The plasmids were synthesisised using the Megaprep and 1.9g of the plasmid was obtained.The yield was obtained using a U.V. spectrophotometer.After the gel agarose electrophoresis straight bands were obtained which showed the plasmids were linear and the bands were corresponding to the molecular weight of the plasmids .The reference was the ladder on either side of the sample wells.
PCR was done with the plasmids and a proper rab5 gfp sequence was obtained.The results osf the sequencing data showed the sequence as that of the rab5-gfp.
Ladder tube 2 tube 1 ladder
51Rab5a-111: Oligo 111
51Rab5a-113: Oligo 113
51Rab5a-110: Oligo 110
51Rab5a-112: Oligo 112
Sequencing was done and the sequencing data was analysed and the sequence was read.The sequence was read and the GFP-Rab5 sequence was read in the sequence.
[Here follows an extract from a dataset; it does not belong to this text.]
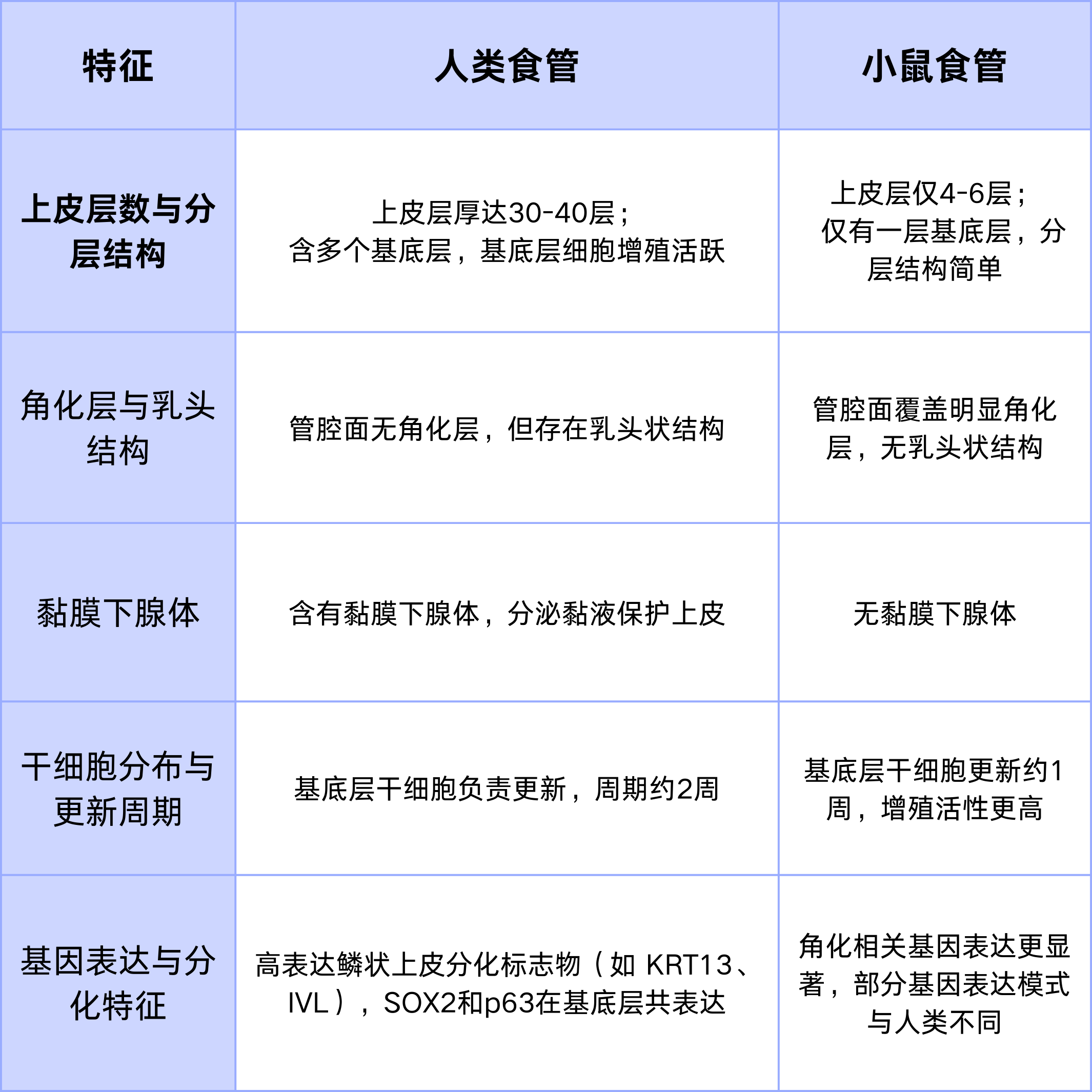 【类器官技术全解析】揭秘食管类器官的建立与应用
After the sequencing results were obtained the plasmids along with bsa texas red were transfected into the vero cells and the fluorescent microscopy was done .and the results obtained showed that in the early sorting endosomes the gfp rab5 and the EEA1 co localises, where as in the late endosomes it never happened and the green and the red fluorescence showed separately in those images.In Fig:2 it clearly shows the red colour of BSA Texas red and the green colour of GFP-Rab5 separately.In Fig: 3 it shows that the GFP-Rab5 is co localised with Texas-Red in a single vesicle.
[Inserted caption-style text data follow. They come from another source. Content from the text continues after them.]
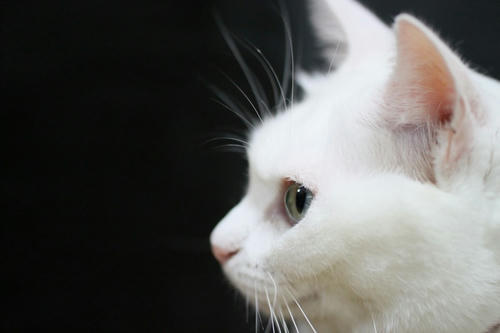 黒いカバンと猫 ぬこ のシロの横顔 猫 ぬこ ネコ ねこ 写真 画像いっぱい
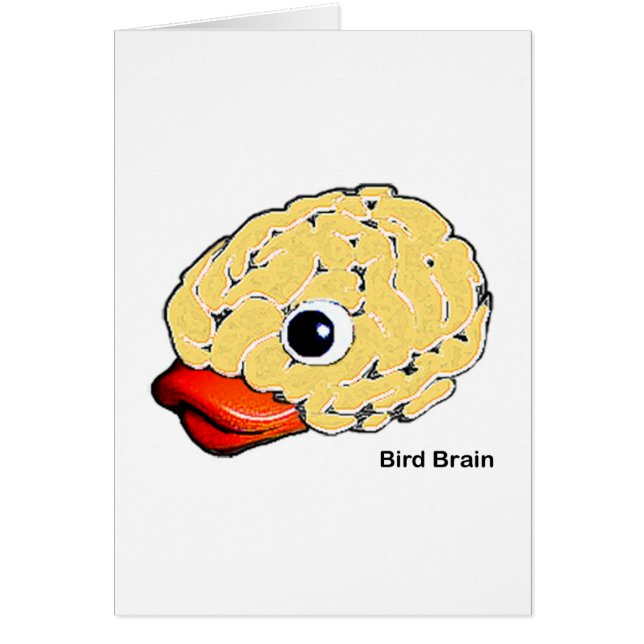 Bird Brain (Front)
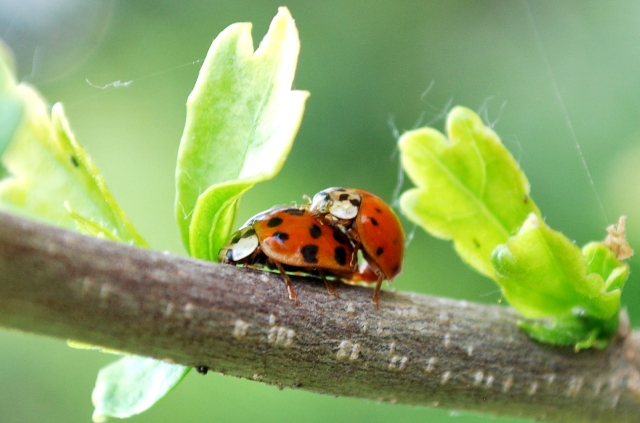 Coccinelle da determinare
Gfp-Rab5 led to understanding the nature of vesicle formation in the cells and about early endosomes.In the plasmids synthesised the sequence data obtained showed that it was the rab5 gfp plasmid sequence.Then in the transfection results enabled to understand and identify that that the rab5 and EEA1 colocalised with the early sorting endosomes.In the late endosomes the flouresence were seen separately and it distinguished the early endosomes from the late endosomes.
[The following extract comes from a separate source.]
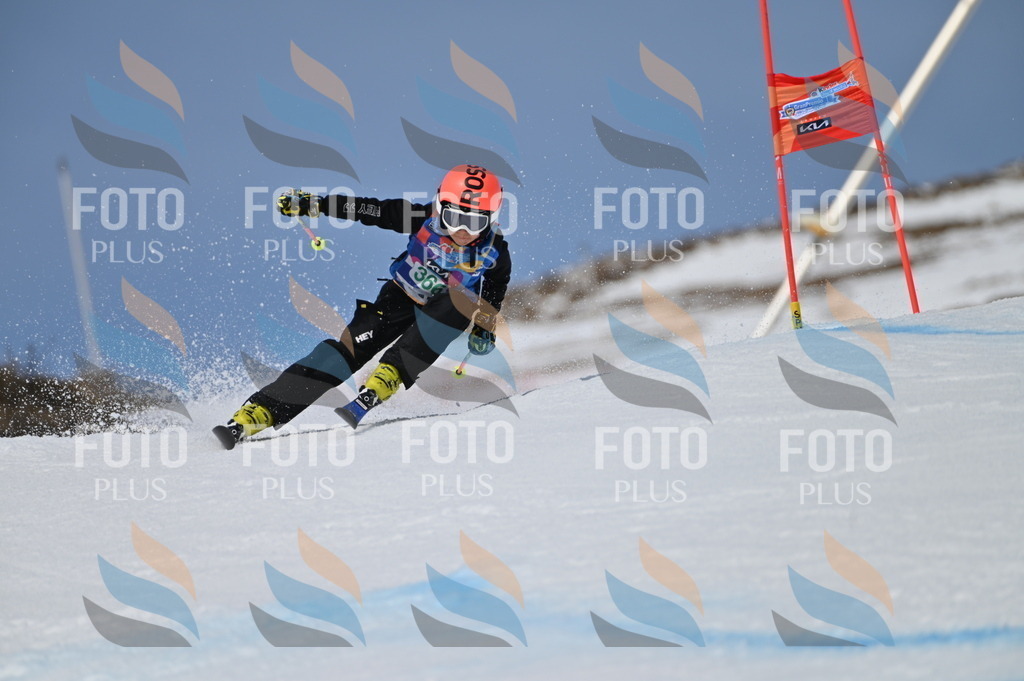 BGV_7231 | holidayphoto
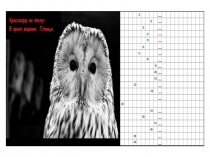 Презентация по биологии на тему Птицы (7 класс)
Through this we were able to monitor the fate of these polymers in the cell and was able to track them in different compartments using fluorescent probes.The imaging of both live and fixed cells is possible using rab5-gfp.Since the compartments are different in their characteristics inside the cells and the results showed that EEA1 only corresponds to early endosomes, LAMP to late endosomes and Transferin to lysosomes. The challenge of delivery of the molecules especially the macromolecular drugs can be accomplished by the intramolecular trafficking.